Consistency and partition tolerance (CP)

A CP database provides consistency and partition tolerance but cannot provide availability. This is also called a CAP-consistent system. Let's understand this by looking at an example:

Figure 1.7 – CP system

Figure 1.7 – CP system

Let's consider the system shown in the preceding diagram, where two servers are serving read and write traffic. For this example, let's say writes only land on Server 1 and reads only land on Server 2. So long as Server 1 can talk to Server 2, all the writes that come to Server 1 can be propagated synchronously to Server 2. This ensures that any reads that come to Server 2 are always consistent, which means they see the latest data written by the latest write in Server 1:

Figure 1.8 – CP system during a communication failure

Figure 1.8 – CP system during a communication failure

Now, let's say that, as shown in the preceding diagram, the communication between Server 1 and Server 2 has broken down and now Server 1 is no longer able to propagate the writes synchronously. This results in partitioning. Since the data cannot be propagated between the two servers, read or write traffic cannot be served until we resolve the partition issue as we have to ensure data consistency.
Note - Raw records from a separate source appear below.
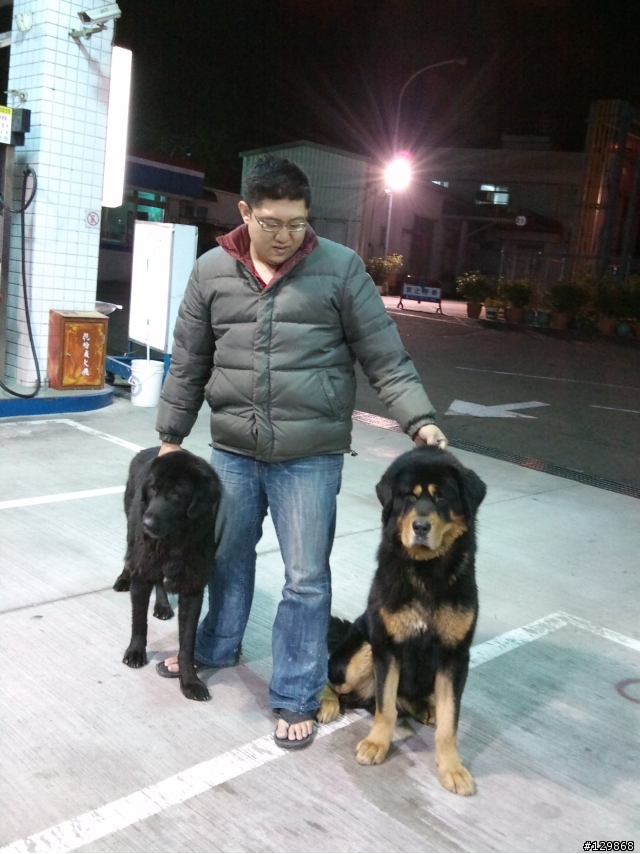 可愛的兩頭獒犬~~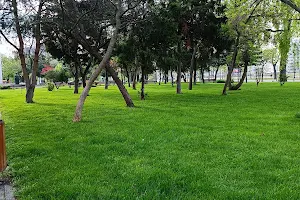 Parc Podu Roş image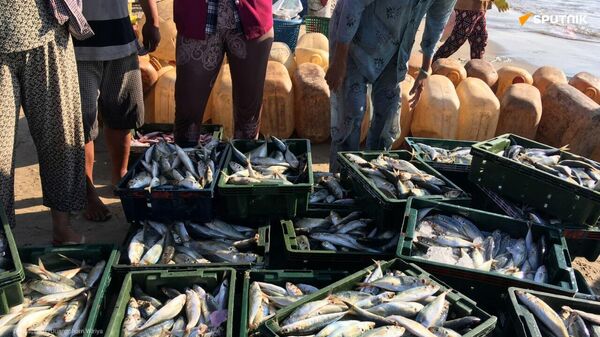 Petit poisson deviendra grand: la consommation de produits aquatiques va exploser en Afrique - Sputnik Afrique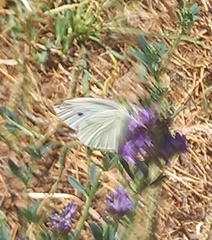 Pieris rapae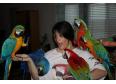 Five macaw parrots looking for a new home .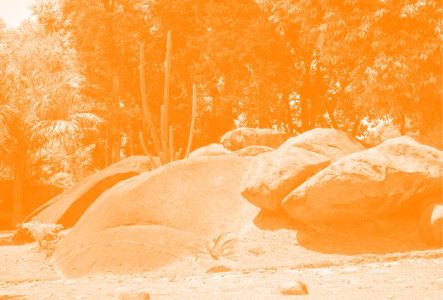 Ce sont des rochers avec un peu de fôret derrière. La photo a un filtre de couleur.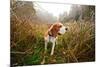 Beagle in Forest-igorr-Mounted Photographic Print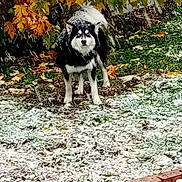 Zero joined the competition — help win amazing prizes! dog, snow, autumn_leaves, outdoor, grass, tree, fence, pet, canine, nature, cold_weather, fall, animal, yard, winter, black_and_white, alert, standing, background, leaf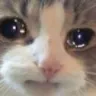 gatochorando gatochorando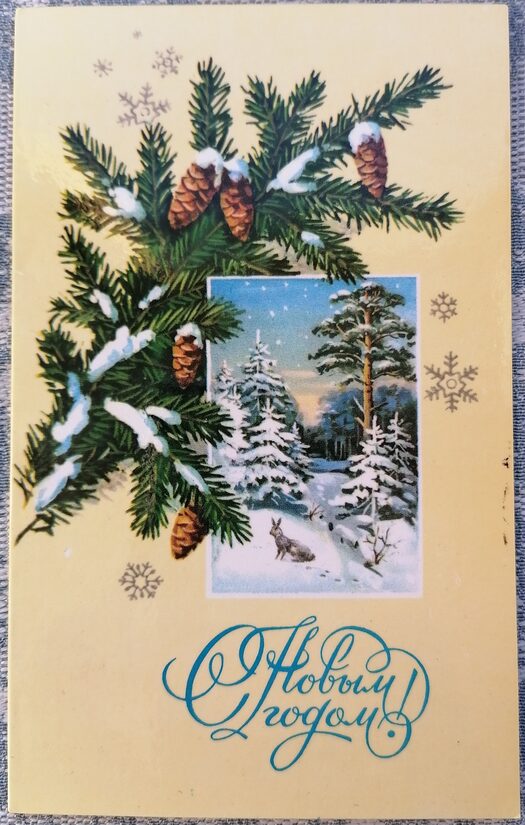 Еловая ветка с шишками 1985 Новогодняя открытка СССР 9,5x15 см  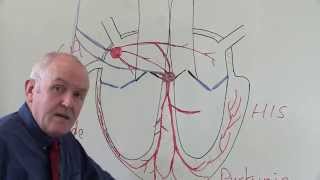 The Cardiac Conduction System [upl. by Kylie]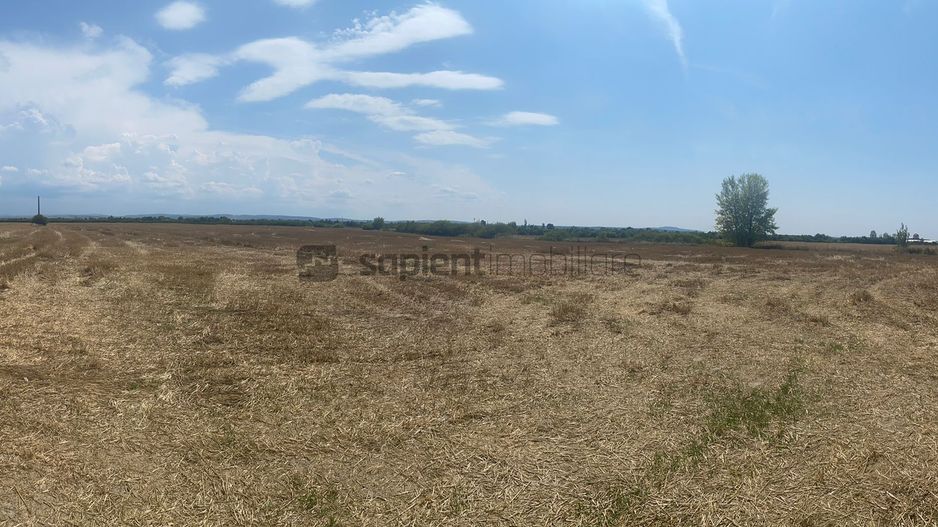 Sapient | Teren intravilan  la E60 - Poză 2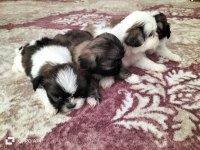 Shih tzu şitsu 0 numara yavrular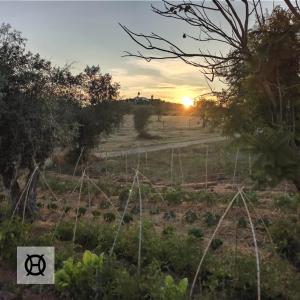 un champ avec le coucher du soleil en arrière-plan dans l'établissement Herdade da Ordem, à Cabeço de Vide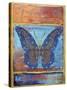 Fantasy Butterfly-2-Jean Plout-Stretched Canvas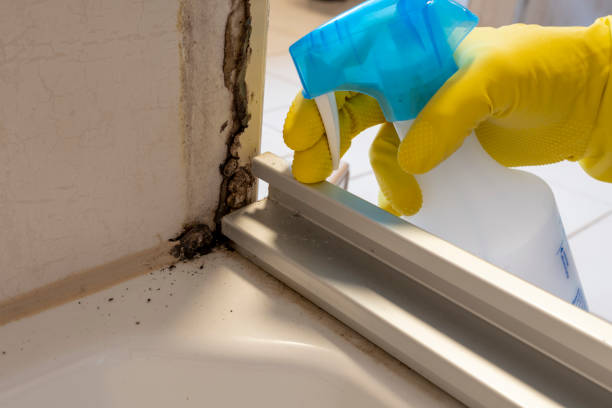 Best Fast Mold Removal  in South San Francisco, CA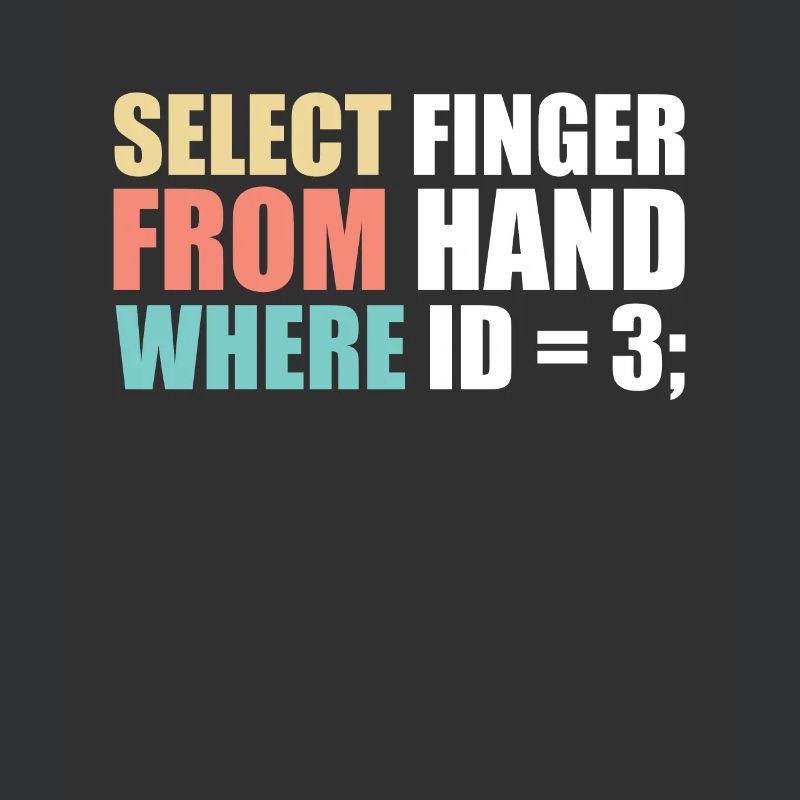 Computer scientist programmer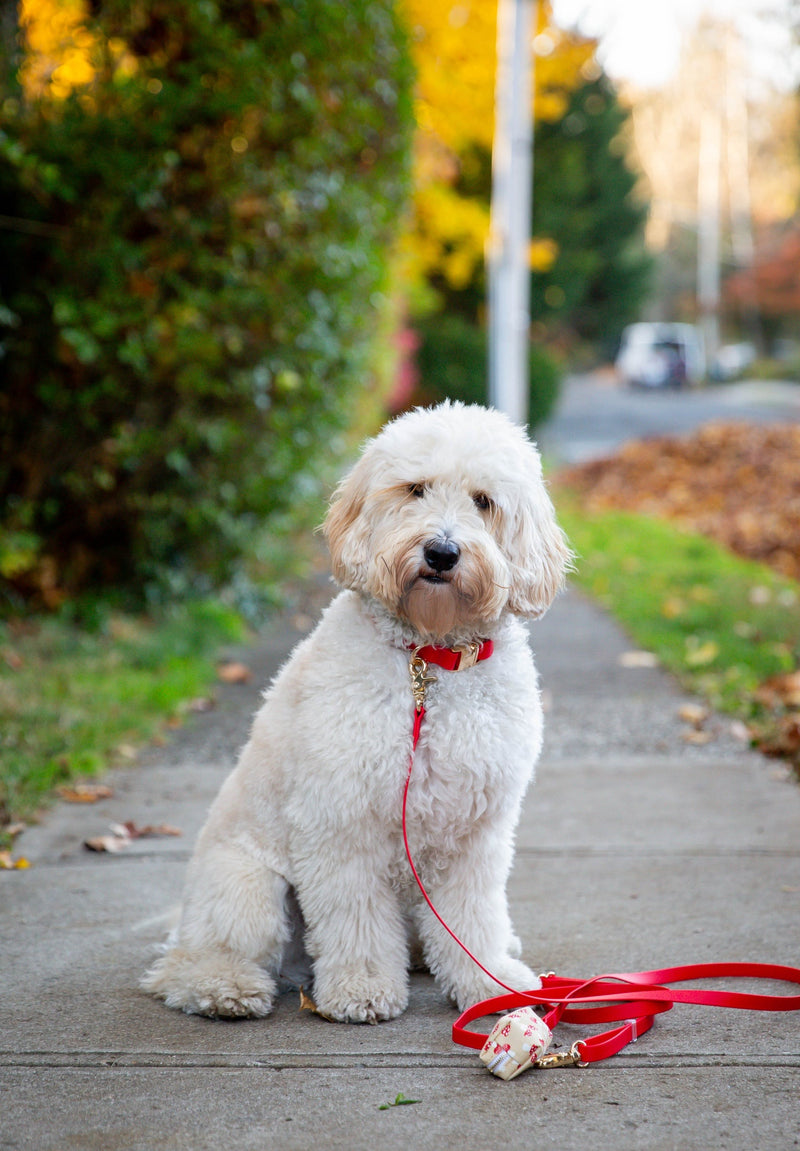 Waterproof Cloud Dog Collar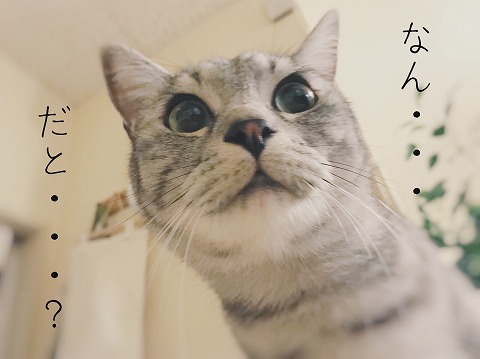 ガーン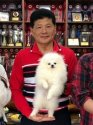 ポメラニアン【・男の子・2018年6月23日・WHITE】「Qタローを抱く台湾のCHIAO LI YA犬舎のオーナー 謝承儒　氏」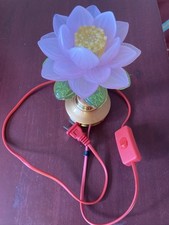 kid light flower for sale kid light flower for sale Chicago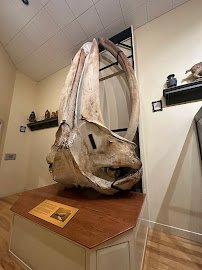 Mayborn Museum Complex photo 6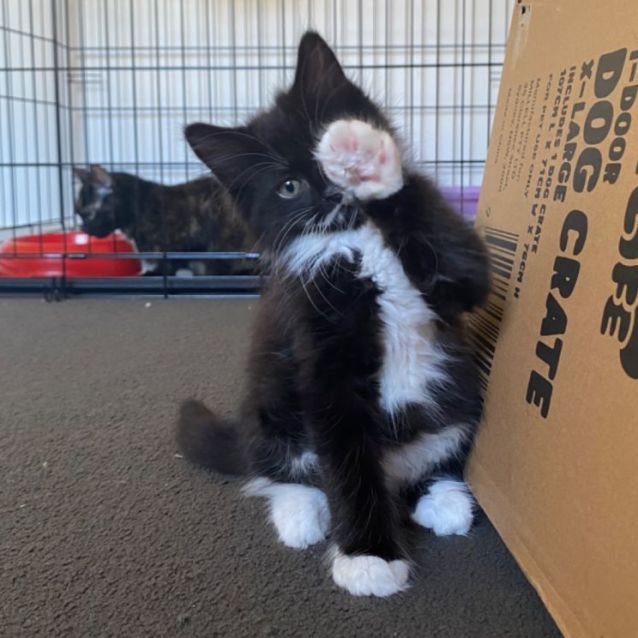 Photo of Cookie **2nd Chance Cat Rescue**
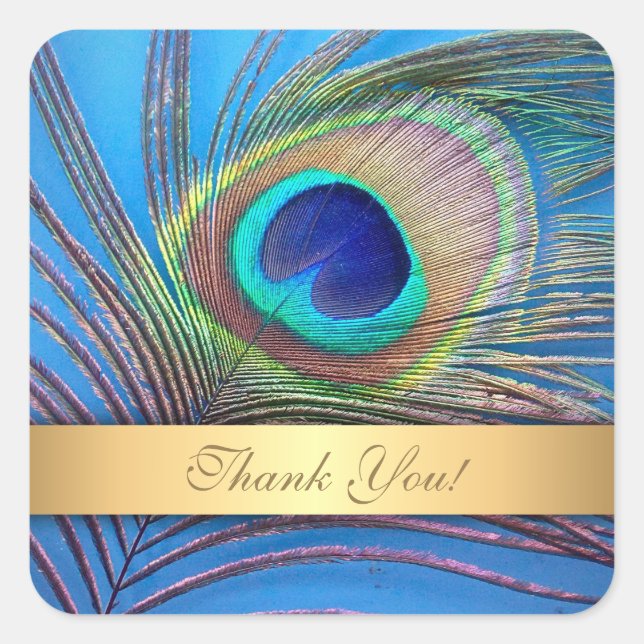 Pretty Peacock Feather Thank You Square Sticker (Front)
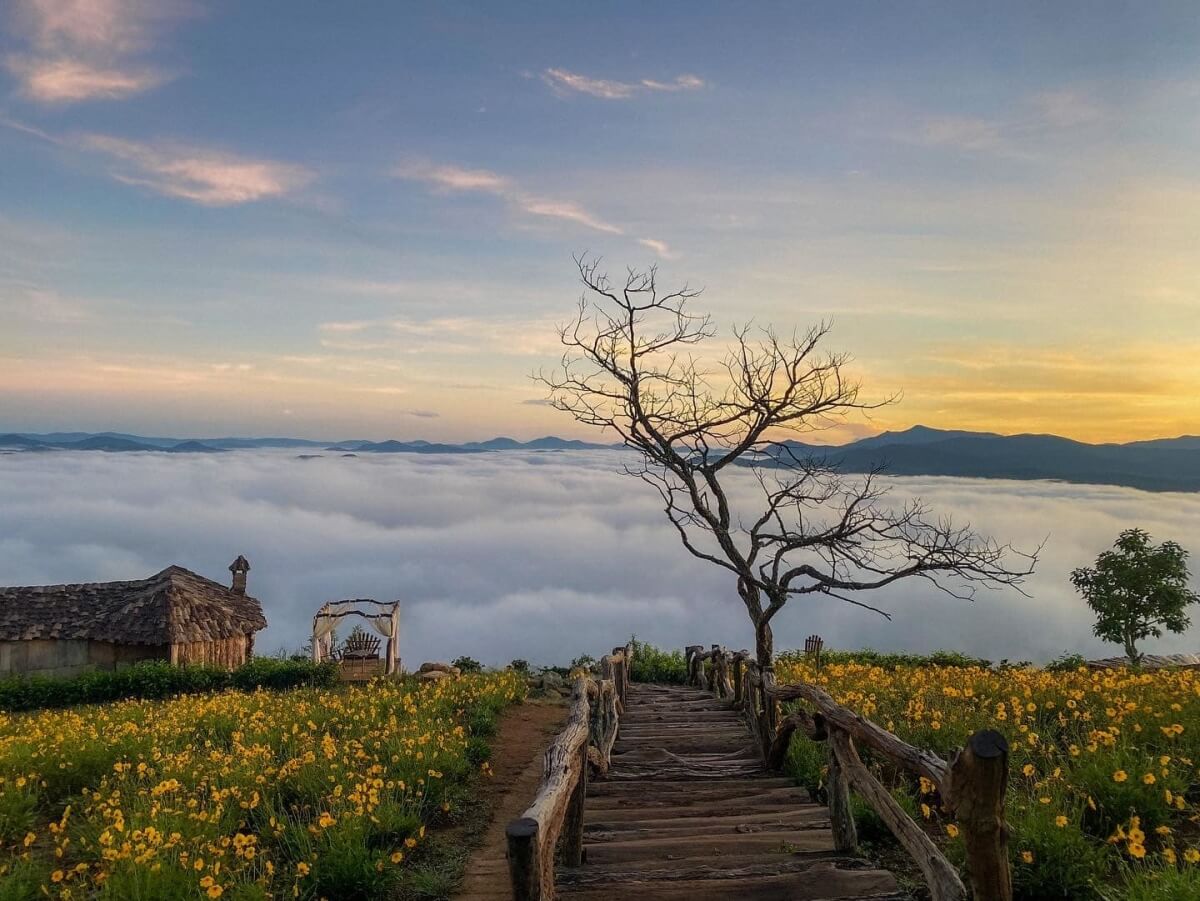 Xe Ghép Tour Đà Lạt: Giải Pháp Du Lịch Thông Minh, Tiết Kiệm Tối Đa Chi Phí 4 San May Da Lat 1 1688459324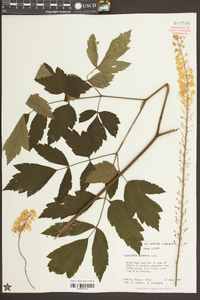 Actaea racemosa image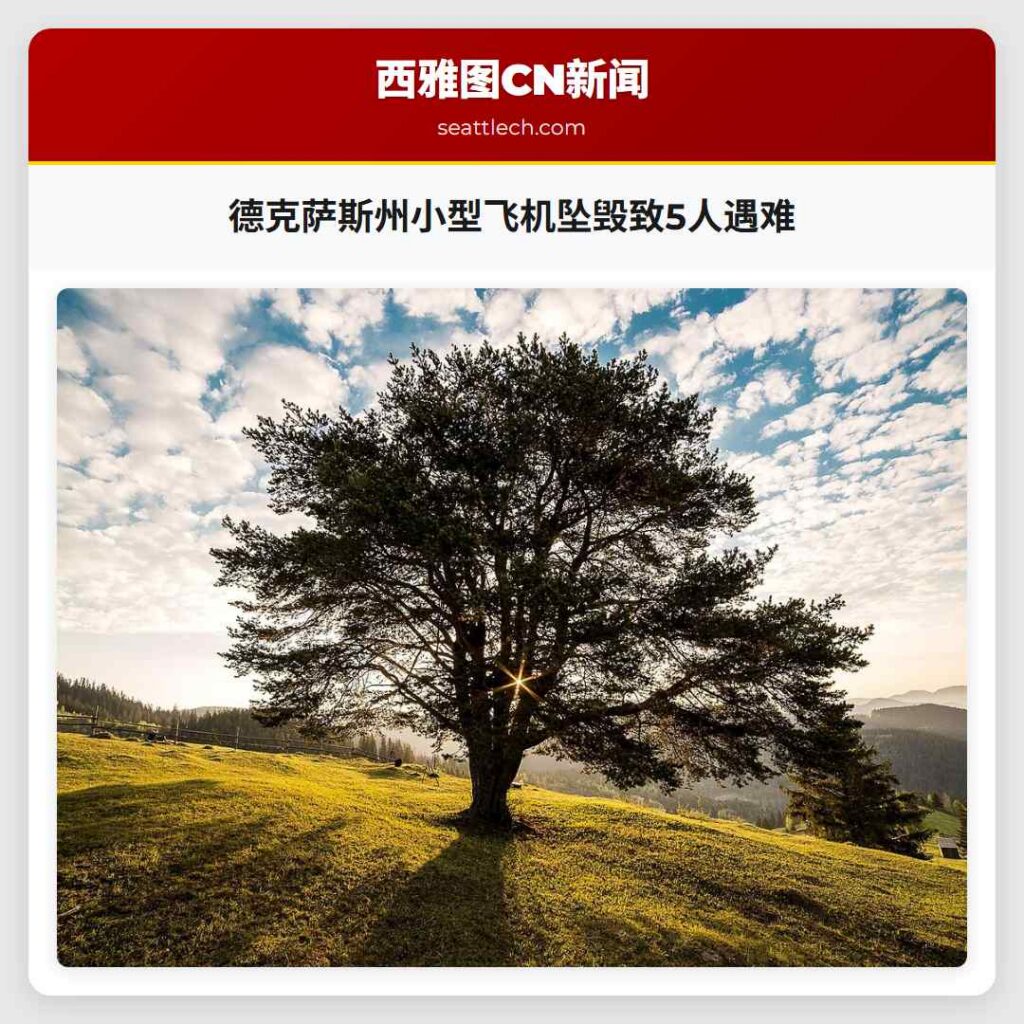 德克萨斯州小型飞机坠毁致5人遇难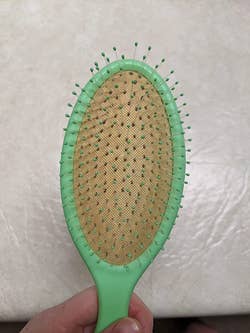 A reviewer's newly clean brush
Some of the most popular databases that have CP characteristics are HBase, Couchbase, and MongoDB. CockroachDB also falls into this category.

Availability and partition tolerance (AP)

In this case, a database is guaranteed to always be available and it can tolerate partitioning, but at the cost of consistency. This is also known as a CAP-available system. Here, the application is expected to deal with data consistency:

Figure 1.9 – AP system during a communication failure

Figure 1.9 – AP system during a communication failure

Similar to the previous example, if the communication between Server 1 and Server 2 breaks down, Server 1 and Server 2 continue to serve the traffic but reads to Server 1 and Server 2 might return different versions of the data, based on when the communication has failed and whether there was any change to that data, after the communication failure. Cassandra, Riak, and CouchDB are popular examples of AP databases.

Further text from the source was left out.